◆ ACTIVITY ◆
From the listing below, reproduce exactly the lines starting with the one with "Appartement à vendre Annemasse" and going on through the one with "Tale e quale", both ends kept. No picture is copied.

◆ RECORDS FOR THE TASK ◆
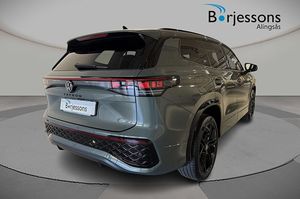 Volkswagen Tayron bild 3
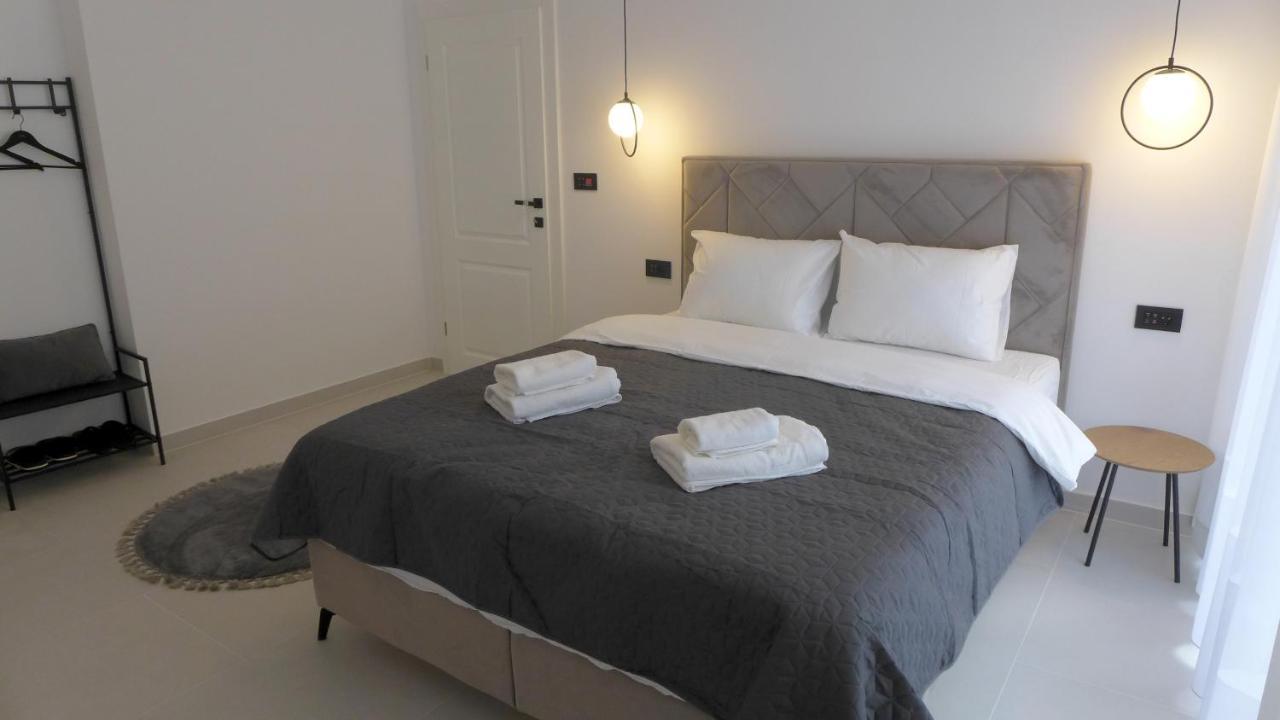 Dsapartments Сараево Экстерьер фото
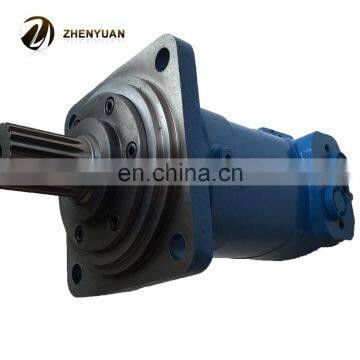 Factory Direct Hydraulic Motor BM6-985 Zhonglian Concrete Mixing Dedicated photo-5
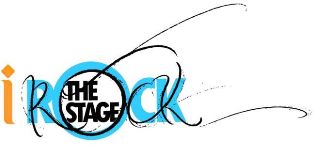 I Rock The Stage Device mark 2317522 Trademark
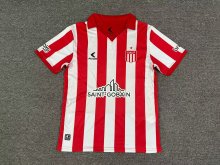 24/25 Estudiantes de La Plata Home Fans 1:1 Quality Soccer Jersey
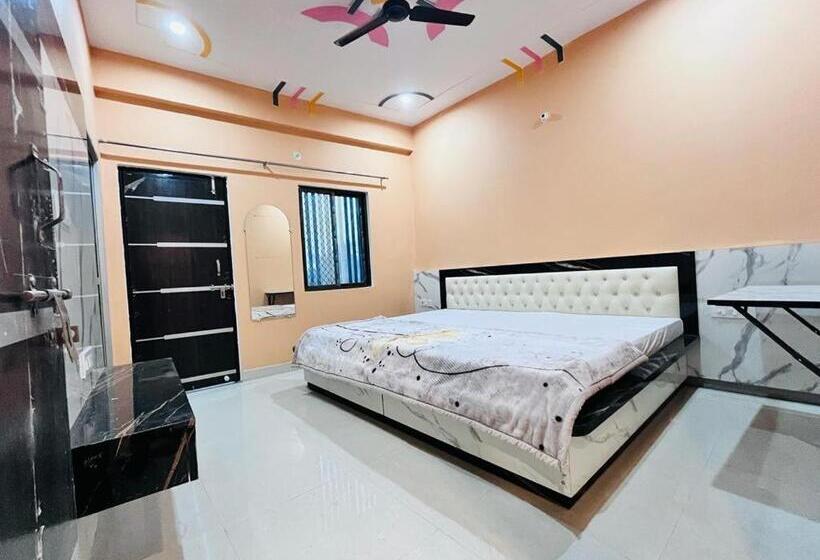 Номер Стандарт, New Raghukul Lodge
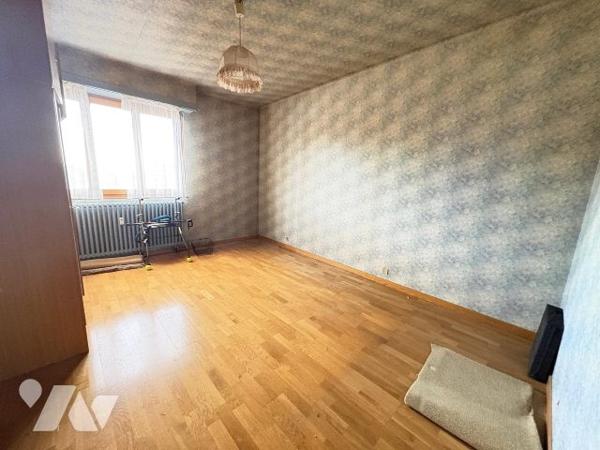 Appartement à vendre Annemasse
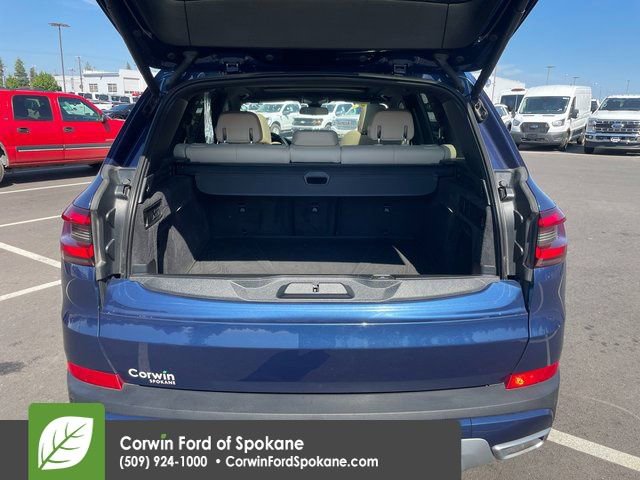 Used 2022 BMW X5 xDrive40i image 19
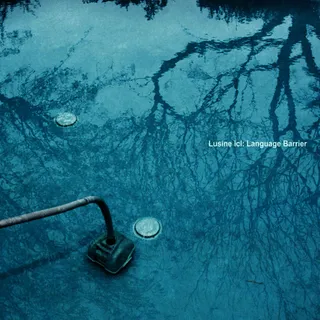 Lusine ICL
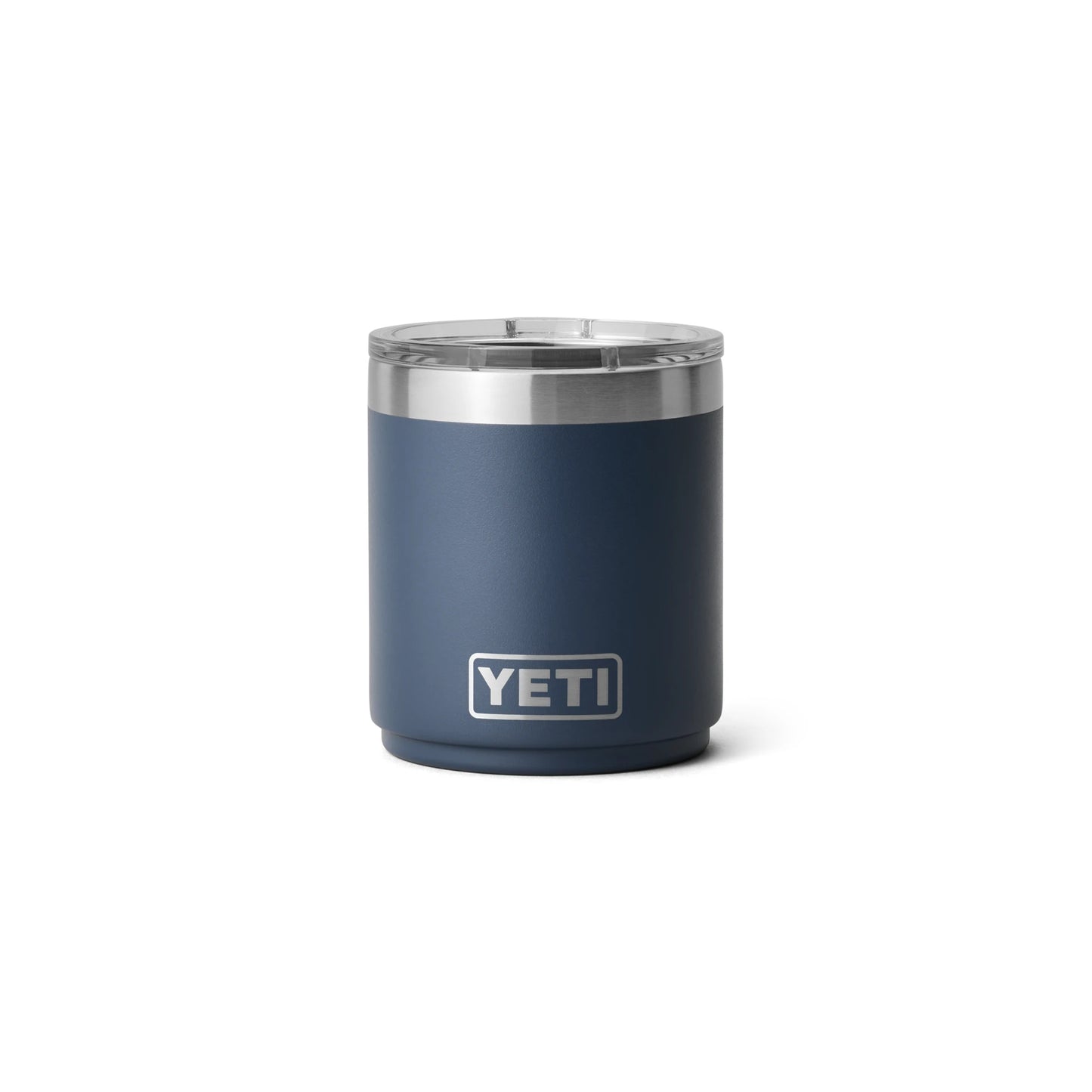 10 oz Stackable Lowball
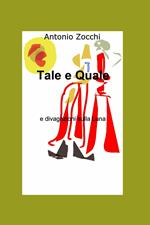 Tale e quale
==
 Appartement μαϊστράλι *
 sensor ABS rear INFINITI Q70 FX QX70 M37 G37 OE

◆ ANSWER TO THE PROBLEM ◆
 Appartement à vendre Annemasse
 Used 2022 BMW X5 xDrive40i image 19
 Lusine ICL
 10 oz Stackable Lowball
 Tale e quale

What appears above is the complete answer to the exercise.